NASA's Lucy spacecraft has revealed that the asteroid Donaldjohanson is a wobbling, peanut-shaped relic, an elongated body that scientists say was born from a violent collision and slowly reshaped over billions of years in the main asteroid belt.
A close look at an old survivor
Lucy captured detailed views of Donaldjohanson during a flyby, showing a strikingly irregular object with two lobes joined at a narrow neck. The distinctive shape suggests a complex history rather than a simple, intact chunk of rock, making the asteroid a valuable record of processes that shaped the early Solar System.
Born from a collision
The asteroid appears to be a fragment produced when a larger parent body was shattered long ago. Over time, gentle forces and its own rotation gradually molded the debris into the elongated form seen today, complete with a slow wobble in its spin.
- Donaldjohanson shows a two-lobed, peanut-like structure.
- It likely formed from the breakup of a larger asteroid.
- Slow reshaping and rotation produced its elongated profile.
- The flyby served as a rehearsal for Lucy's main mission.
Why Lucy is visiting asteroids
Lucy's primary targets are the Trojan asteroids that share Jupiter's orbit, thought to be pristine leftovers from the era when the planets formed. Encounters with main-belt objects like Donaldjohanson let the mission test its instruments and add to the growing catalog of small-body shapes and histories.
Fossils of the early Solar System
Asteroids preserve material that has changed little since planets first assembled, making them time capsules for researchers. By studying how bodies like Donaldjohanson formed and evolved, scientists can piece together the collisions and gentle sculpting that shaped the belt over billions of years.
What the flyby adds
The encounter demonstrates Lucy's ability to image small, fast-moving targets in detail and returns a fresh example of the surprising diversity among asteroids. Each new shape and structure helps refine models of how such objects break apart and reassemble.
- The mission builds a library of asteroid shapes and histories.
- Findings inform models of collisions in the asteroid belt.
- The flyby prepares Lucy for its Trojan asteroid encounters.
Turning a brief encounter into data
Flybys are demanding because the spacecraft sweeps past its target at high speed, giving instruments only a narrow window to capture images and measurements. To make the most of it, Lucy's cameras track the asteroid as the craft races by, building up detailed views of its shape, surface, and rotation.
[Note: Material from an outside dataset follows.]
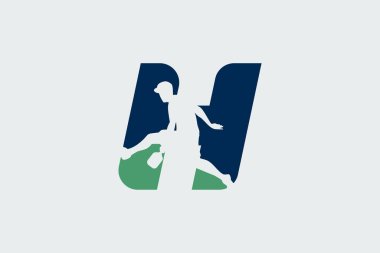 letter h logo with a jumping pickleball player silhouette. It is good for team logo, club, shirt, sticker, etc. clipart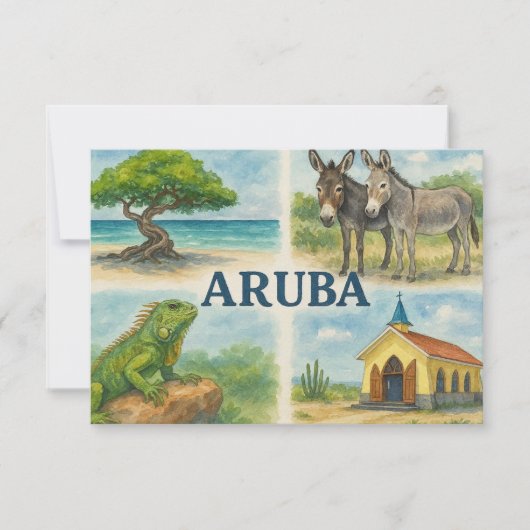 Aruba multiweergave waterverf bedankkaart (Voorkant)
Engineers use encounters like this one to fine-tune pointing and timing, lessons that will pay off when the mission reaches the more scientifically prized Trojan asteroids further along its route.
Lucy will continue its long journey toward Jupiter's orbit, where its most anticipated science awaits at the Trojans. But the study of Donaldjohanson already shows how much a single, well-timed flyby can reveal, turning a distant point of light into a detailed portrait of an ancient, battered survivor from the dawn of the Solar System.